#### [Collected material]
┌────────
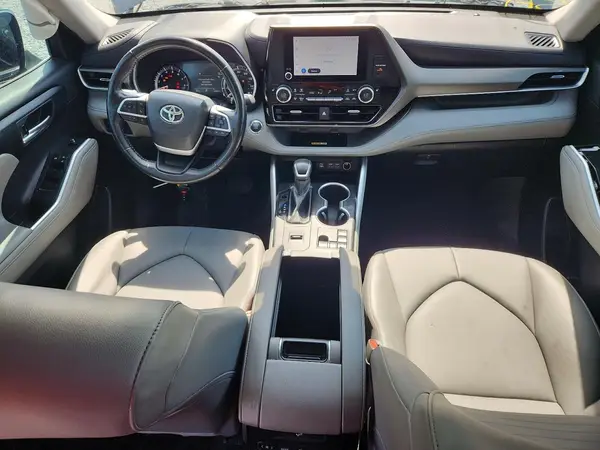 5TDKDRAH9PS027856 2023 TOYOTA HIGHLANDER - Image 8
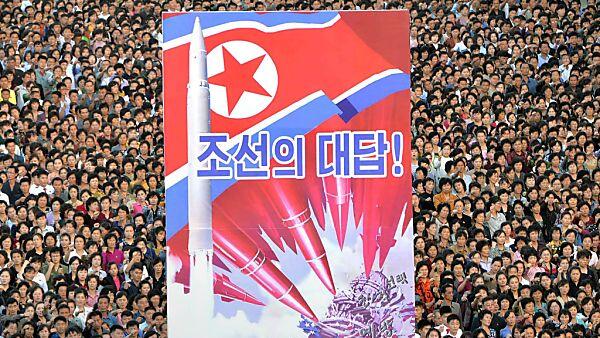 Nordkoreas Bevölkerung wird permanent eingeschworen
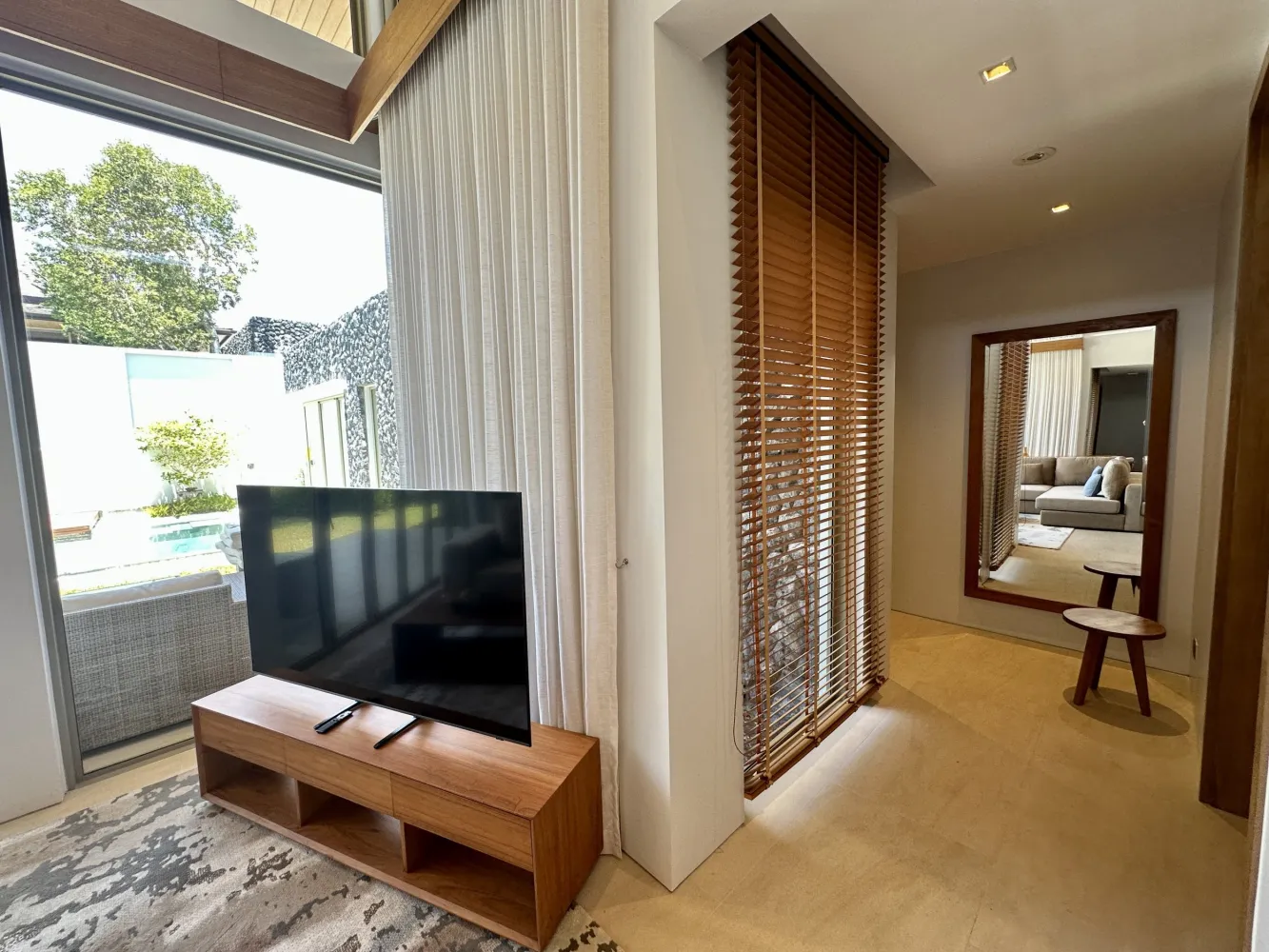 Property image - full photo 18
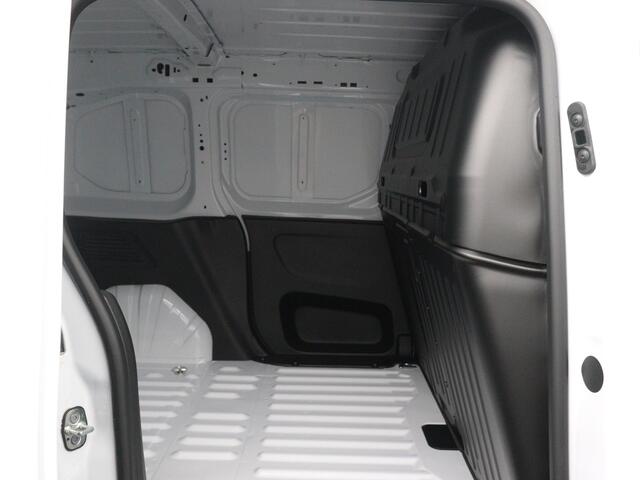Peugeot PARTNER e-Partner 136 L1 50 kWh | VOORRAAD | NU VAN ¤35.648,- voor ¤25.750,- | Camera | Cruise Control | Apple Carplay & Android Auto |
└────────
#### [Task to carry out]
Pictures stay out. Everything else in the listing gets printed exactly.

#### [Exercise answer]
 5TDKDRAH9PS027856 2023 TOYOTA HIGHLANDER - Image 8
 Nordkoreas Bevölkerung wird permanent eingeschworen
 Property image - full photo 18
Peugeot PARTNER e-Partner 136 L1 50 kWh | VOORRAAD | NU VAN ¤35.648,- voor ¤25.750,- | Camera | Cruise Control | Apple Carplay & Android Auto |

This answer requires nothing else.